The timing for another look couldn’t be better.
Pfeiffer was part of the Legislature’s Economic and Fiscal Policy Review Committee, which released a series of recommendations to improve the New Jersey economy Thursday in Trenton.
Pfeiffer said reworking PILOTs to make sure they support local funding, could have big impact on spurring economic development.
Pfeiffer had some recommendations regarding how to handle PILOT revenues:
- Have a more transparent process in municipalities to understand add-ons to the levy cap to justify expenses of PILOTs and new assessments;
- Share some of the revenue from PILOTs with school districts, which currently receive funding only from the land tax; meanwhile, the county and local governments share the PILOT revenue in a 5-95 percent split, respectively.
PILOTs have been a hot topic because residents often feel they are being cheated out of the economic benefit of a new commercial ratable on the scene, and school districts feel they are being cheated out of more revenue that municipalities are benefiting from.

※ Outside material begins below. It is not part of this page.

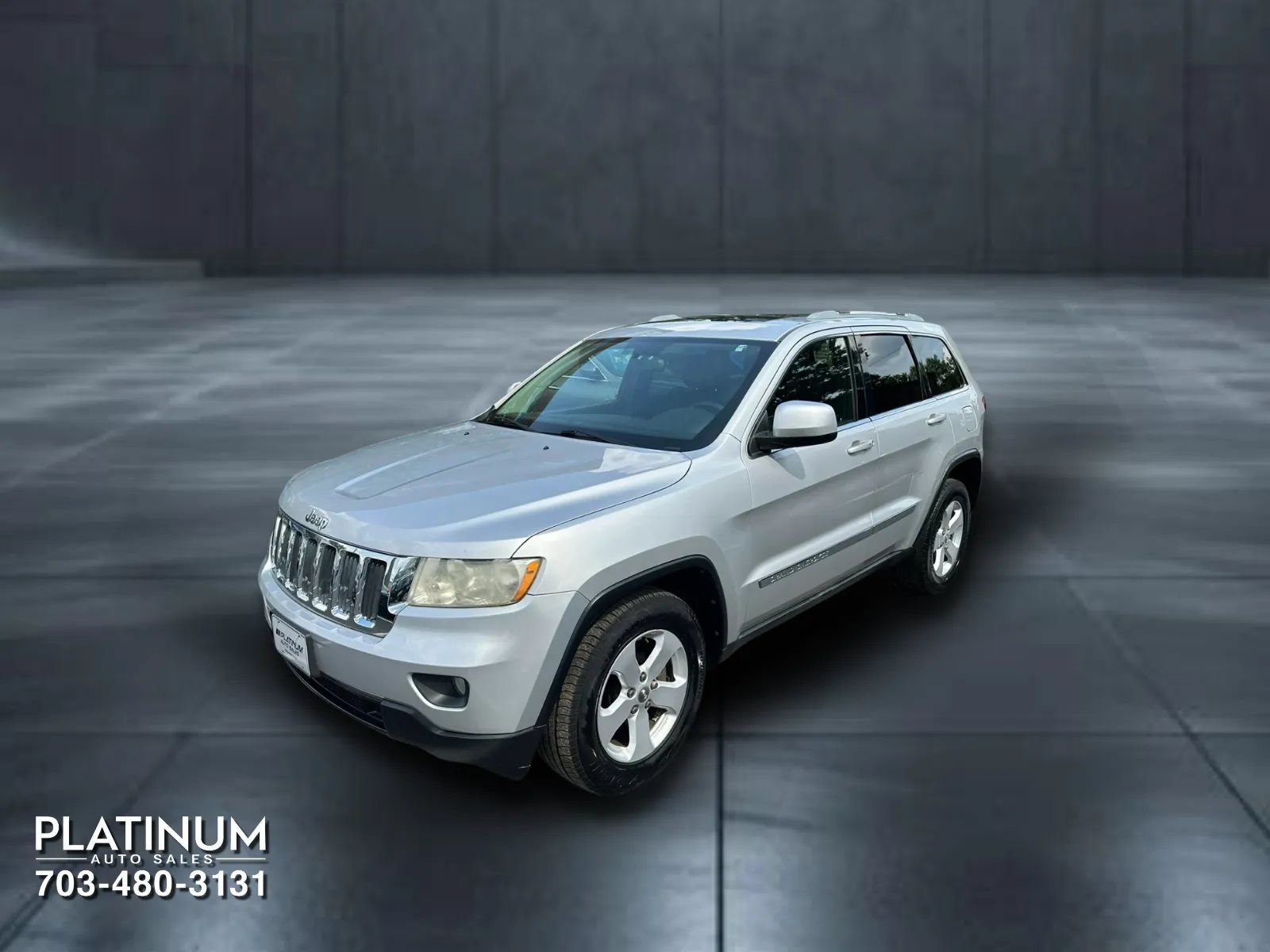 Used 2012 Jeep Grand Cherokee Laredo AWD/4WD image 6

This split increasingly has become a point of contention in places such as Edison, which has seen an ongoing presence of school board members and municipal meetings demanding a portion of the PILOT revenues.

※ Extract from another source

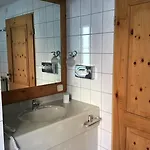 Szálloda Historikhotel Ochsen 3*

Pfeiffer said it’s time to start the discussion.
“In today’s redevelopment environment, with all the other incentives that we now provide to businesses, and new incentives to come — more specifically on that is the federal Opportunity Zones, which we think are going to be a game-changer down the road — what is the place for payment in lieu of taxes as part of a new redevelopment?” he said.

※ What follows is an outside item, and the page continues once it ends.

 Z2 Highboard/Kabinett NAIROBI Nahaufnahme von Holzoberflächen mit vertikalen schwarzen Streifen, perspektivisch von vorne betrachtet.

It’s not the first time the issue has come up.
At a July event by the New Jersey Builders Association and New Jersey chapter of the American Planning Association in Morristown, the topic of PILOTs and tax abatements was the central focus.
Generally, speakers — which included lawyers, developers, mayors and planners — felt that the problem with these incentives was in the names.
Rather than reflect the stability and benefit of the revenue generated for the municipalities — as well as relief to provide community benefit in place of paying taxes for companies — the name makes it appear as though the companies are getting away with simply not paying taxes, which then leaves residents entirely on the hook for filling the hole in the municipal budget.
But the truth, many said, is that if the municipality negotiates the PILOT well, there should be no issue.
Michael Bruno, and attorney with Giordano, Halleran & Ciesla, said at the July event that the political leanings of the municipality often determine where the greatest pushback comes from.
“It depends on the political bend of the municipality,” he said. “Financially, it almost always comes out that it’s a better deal for the municipality. You can almost always negotiate a deal where they are going to end up with more money than they would under conventional terms. That’s why municipalities like it so much.”